Senate Will Vote on Ledbetter Bill During Equal Pay Week
Today is Equal Pay Day -- the point in 2008 when the average woman's wages finally catch up with what the average man was paid in 2007.
In conjunction with this week of awareness about the gender wage gap, the Senate is scheduled to vote tomorrow on the Lilly Ledbetter Fair Pay Act: critical legislation that would protect working women's rights to fight for fair pay.
The Ledbetter Fair Pay Act provides a narrowly targeted legislative fix to overturn last year's Supreme Court ruling in Ledbetter v.

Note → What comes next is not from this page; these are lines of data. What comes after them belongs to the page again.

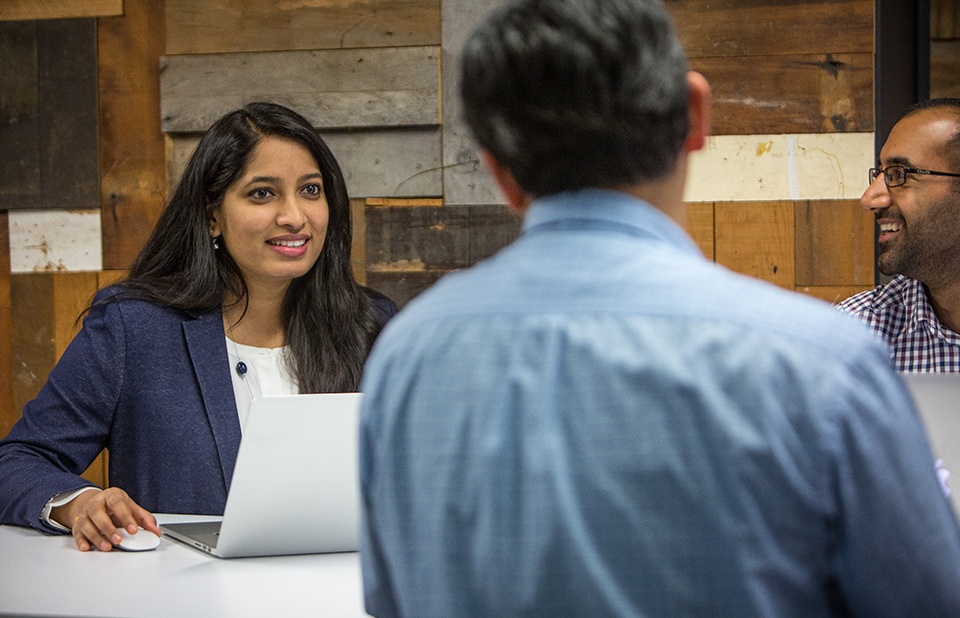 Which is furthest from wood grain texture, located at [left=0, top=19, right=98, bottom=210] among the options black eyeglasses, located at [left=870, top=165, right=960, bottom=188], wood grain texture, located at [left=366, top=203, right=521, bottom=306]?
black eyeglasses, located at [left=870, top=165, right=960, bottom=188]

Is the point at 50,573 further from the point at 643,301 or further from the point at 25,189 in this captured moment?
the point at 25,189

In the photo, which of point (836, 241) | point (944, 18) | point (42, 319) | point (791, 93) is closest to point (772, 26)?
point (791, 93)

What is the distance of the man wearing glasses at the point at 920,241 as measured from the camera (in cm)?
232

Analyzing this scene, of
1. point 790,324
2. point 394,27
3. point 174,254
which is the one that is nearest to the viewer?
point 790,324

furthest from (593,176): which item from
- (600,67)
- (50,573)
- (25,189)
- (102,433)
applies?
(25,189)

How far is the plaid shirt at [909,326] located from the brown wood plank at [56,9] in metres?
2.41

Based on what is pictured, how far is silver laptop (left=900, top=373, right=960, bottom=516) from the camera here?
1405 mm

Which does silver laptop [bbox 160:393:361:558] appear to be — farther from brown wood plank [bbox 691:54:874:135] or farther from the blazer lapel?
brown wood plank [bbox 691:54:874:135]

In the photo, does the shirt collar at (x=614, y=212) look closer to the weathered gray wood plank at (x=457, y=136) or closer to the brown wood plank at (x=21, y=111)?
the weathered gray wood plank at (x=457, y=136)

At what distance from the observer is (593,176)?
0.71 metres

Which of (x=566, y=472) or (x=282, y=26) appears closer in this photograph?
(x=566, y=472)

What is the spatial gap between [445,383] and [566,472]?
109 mm

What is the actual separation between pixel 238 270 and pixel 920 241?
1591mm

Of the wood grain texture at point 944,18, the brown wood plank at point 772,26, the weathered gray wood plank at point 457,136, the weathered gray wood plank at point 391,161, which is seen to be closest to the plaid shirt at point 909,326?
the brown wood plank at point 772,26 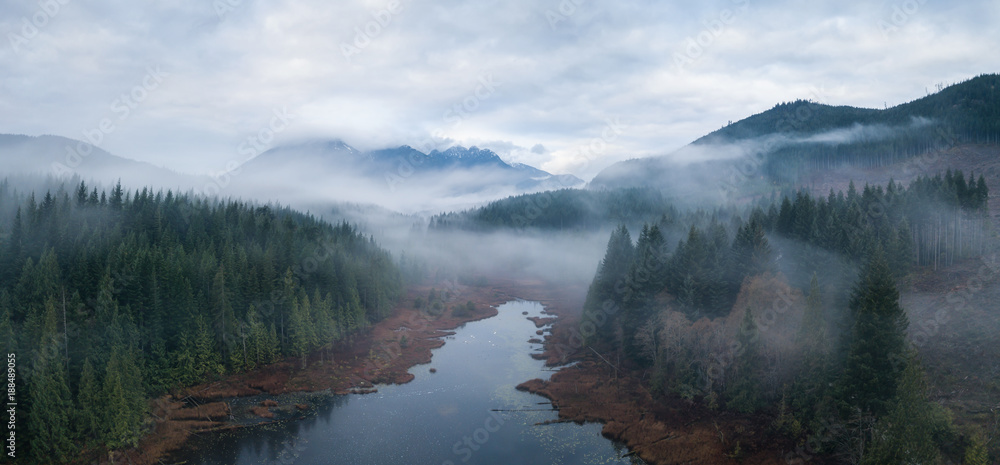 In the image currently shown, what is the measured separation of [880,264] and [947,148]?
211 metres

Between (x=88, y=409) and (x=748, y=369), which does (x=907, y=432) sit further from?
(x=88, y=409)

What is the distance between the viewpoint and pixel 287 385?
69250 millimetres

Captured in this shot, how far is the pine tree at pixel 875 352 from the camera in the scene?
38.4 m

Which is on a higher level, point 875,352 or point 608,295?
point 875,352

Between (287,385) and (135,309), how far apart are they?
838 inches

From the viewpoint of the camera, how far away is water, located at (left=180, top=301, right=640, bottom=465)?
4806 centimetres

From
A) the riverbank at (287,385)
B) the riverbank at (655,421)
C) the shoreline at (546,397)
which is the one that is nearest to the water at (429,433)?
the riverbank at (655,421)

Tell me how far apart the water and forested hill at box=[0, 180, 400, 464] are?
1127cm

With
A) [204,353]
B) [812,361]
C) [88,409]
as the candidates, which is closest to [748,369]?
[812,361]

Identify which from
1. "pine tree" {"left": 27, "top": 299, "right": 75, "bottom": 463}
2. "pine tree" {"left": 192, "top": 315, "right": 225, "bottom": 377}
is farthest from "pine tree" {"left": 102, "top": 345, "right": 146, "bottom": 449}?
"pine tree" {"left": 192, "top": 315, "right": 225, "bottom": 377}

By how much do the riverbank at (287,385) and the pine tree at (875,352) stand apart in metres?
53.4

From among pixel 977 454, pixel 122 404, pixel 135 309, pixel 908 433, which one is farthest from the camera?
pixel 135 309

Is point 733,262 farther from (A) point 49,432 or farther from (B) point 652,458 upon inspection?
(A) point 49,432

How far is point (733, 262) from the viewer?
→ 66.8 m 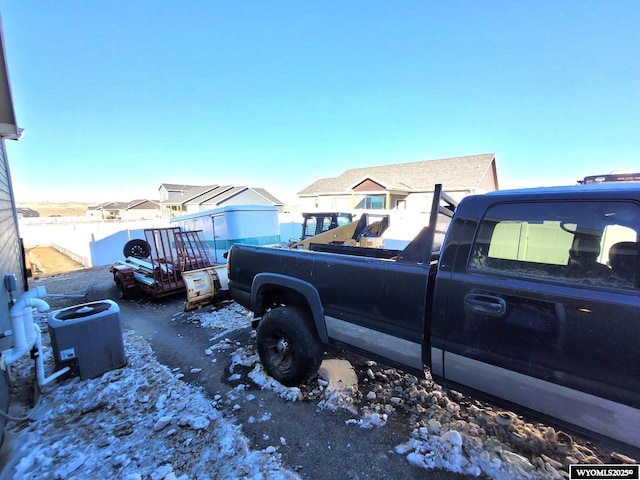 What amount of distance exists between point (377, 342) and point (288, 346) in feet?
3.75

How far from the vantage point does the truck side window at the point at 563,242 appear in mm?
1551

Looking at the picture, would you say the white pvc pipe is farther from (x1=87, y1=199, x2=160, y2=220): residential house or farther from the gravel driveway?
(x1=87, y1=199, x2=160, y2=220): residential house

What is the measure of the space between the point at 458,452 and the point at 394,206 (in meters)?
23.6

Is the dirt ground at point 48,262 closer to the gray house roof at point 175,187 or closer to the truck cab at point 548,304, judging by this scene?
the truck cab at point 548,304

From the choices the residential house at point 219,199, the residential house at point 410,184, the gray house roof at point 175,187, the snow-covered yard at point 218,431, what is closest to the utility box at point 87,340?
the snow-covered yard at point 218,431

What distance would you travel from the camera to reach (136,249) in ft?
36.3

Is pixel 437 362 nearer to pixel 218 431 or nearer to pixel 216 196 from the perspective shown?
pixel 218 431

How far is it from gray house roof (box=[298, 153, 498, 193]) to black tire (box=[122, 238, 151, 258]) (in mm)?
18141

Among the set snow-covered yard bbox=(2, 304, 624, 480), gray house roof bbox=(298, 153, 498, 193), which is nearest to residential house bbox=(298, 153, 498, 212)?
gray house roof bbox=(298, 153, 498, 193)

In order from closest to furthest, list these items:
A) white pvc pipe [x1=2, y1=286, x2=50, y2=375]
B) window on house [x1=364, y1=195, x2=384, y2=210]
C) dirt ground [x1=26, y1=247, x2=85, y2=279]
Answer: white pvc pipe [x1=2, y1=286, x2=50, y2=375] < dirt ground [x1=26, y1=247, x2=85, y2=279] < window on house [x1=364, y1=195, x2=384, y2=210]

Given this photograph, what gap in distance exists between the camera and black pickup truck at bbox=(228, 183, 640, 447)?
149 centimetres

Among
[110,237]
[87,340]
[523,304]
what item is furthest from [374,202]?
[523,304]

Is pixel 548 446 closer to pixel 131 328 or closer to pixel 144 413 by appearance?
pixel 144 413

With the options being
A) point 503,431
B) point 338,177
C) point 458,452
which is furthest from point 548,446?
point 338,177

Goodyear Tire and allow victims of pay discrimination to file a complaint up to 180 days after the last time they are paid unfairly -- not the first as the Court required.
Since the Civil Rights Act was passed in 1964, most courts have allowed victims of pay discrimination to file a claim up to 180 days after they received their last discriminatory paycheck. This system is called the paycheck accrual method. But in May 2007, the Supreme Court overturned this precedent, ruling in Ledbetter v. Goodyear Tire that the filing period ends 180 days after the employer's initial decision to discriminate.

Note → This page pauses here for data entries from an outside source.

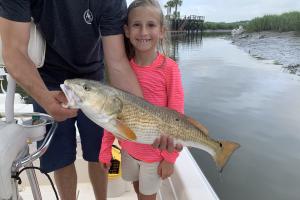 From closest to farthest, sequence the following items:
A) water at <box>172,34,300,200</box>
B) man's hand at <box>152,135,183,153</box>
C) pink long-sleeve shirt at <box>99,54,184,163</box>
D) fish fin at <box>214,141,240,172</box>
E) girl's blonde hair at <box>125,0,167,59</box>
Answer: man's hand at <box>152,135,183,153</box> → fish fin at <box>214,141,240,172</box> → pink long-sleeve shirt at <box>99,54,184,163</box> → girl's blonde hair at <box>125,0,167,59</box> → water at <box>172,34,300,200</box>

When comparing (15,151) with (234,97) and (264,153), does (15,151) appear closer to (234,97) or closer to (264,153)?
(264,153)

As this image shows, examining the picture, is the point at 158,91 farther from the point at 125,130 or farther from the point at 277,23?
the point at 277,23

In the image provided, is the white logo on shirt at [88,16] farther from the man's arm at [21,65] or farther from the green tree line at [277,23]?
the green tree line at [277,23]

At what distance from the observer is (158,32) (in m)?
2.49

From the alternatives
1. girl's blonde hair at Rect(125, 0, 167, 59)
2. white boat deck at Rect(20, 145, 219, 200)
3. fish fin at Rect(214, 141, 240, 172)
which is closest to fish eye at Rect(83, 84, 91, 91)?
girl's blonde hair at Rect(125, 0, 167, 59)

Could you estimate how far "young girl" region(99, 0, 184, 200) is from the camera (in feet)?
7.82

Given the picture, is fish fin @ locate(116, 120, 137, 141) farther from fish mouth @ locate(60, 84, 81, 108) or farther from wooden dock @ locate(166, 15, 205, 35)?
wooden dock @ locate(166, 15, 205, 35)

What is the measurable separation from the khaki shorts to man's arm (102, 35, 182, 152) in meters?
0.52

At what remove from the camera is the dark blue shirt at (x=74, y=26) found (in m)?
2.22

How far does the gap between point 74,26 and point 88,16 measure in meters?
0.12

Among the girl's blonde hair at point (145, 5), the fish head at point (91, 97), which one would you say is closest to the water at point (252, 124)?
the girl's blonde hair at point (145, 5)

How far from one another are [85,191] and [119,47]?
1892 mm

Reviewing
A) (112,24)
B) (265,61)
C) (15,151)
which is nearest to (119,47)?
(112,24)

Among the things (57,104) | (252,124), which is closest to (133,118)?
(57,104) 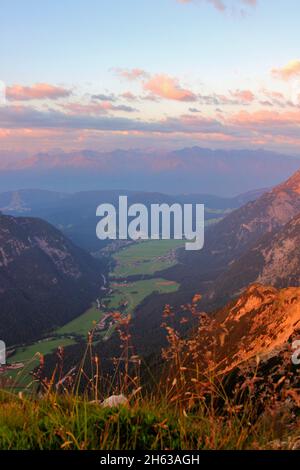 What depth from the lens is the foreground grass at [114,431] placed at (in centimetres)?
508

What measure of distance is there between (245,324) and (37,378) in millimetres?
85590

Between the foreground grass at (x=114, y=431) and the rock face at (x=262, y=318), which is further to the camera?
the rock face at (x=262, y=318)

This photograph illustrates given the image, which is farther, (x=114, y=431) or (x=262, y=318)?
(x=262, y=318)

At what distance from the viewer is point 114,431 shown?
5457 millimetres

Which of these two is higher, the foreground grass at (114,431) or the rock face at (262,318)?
the foreground grass at (114,431)

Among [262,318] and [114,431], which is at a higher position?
[114,431]

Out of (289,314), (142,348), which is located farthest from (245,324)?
(142,348)

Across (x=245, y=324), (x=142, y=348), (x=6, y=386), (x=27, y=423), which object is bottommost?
(x=142, y=348)

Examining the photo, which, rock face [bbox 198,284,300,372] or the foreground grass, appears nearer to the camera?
the foreground grass

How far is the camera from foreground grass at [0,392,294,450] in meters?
5.08

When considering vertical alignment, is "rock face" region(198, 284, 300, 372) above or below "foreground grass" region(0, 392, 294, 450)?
below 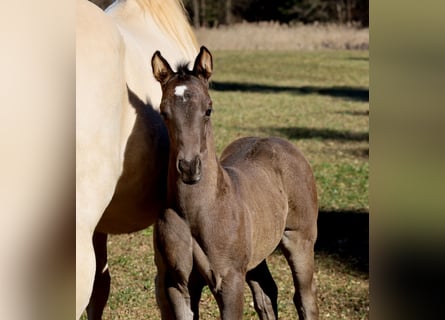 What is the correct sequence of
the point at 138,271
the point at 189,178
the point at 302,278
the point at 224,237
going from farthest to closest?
the point at 138,271
the point at 302,278
the point at 224,237
the point at 189,178

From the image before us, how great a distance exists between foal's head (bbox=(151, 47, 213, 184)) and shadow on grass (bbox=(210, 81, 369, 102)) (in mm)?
17298

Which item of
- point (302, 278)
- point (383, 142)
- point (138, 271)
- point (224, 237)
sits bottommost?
point (138, 271)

The Court's decision ignores the realities of the workplace where pay discrimination often occurs gradually over time and where employees typically lack access to information about how they are paid in comparison to other workers. The decision also provides incentives for employers to conceal rather than correct pay discrimination; once 180 days passes without a complaint, workers are effectively left without recourse.
The Lilly Ledbetter Fair Pay Act overturns the Court's decision and restores the paycheck accrual rule, allowing pay discrimination victims a reasonable time period to vindicate their rights.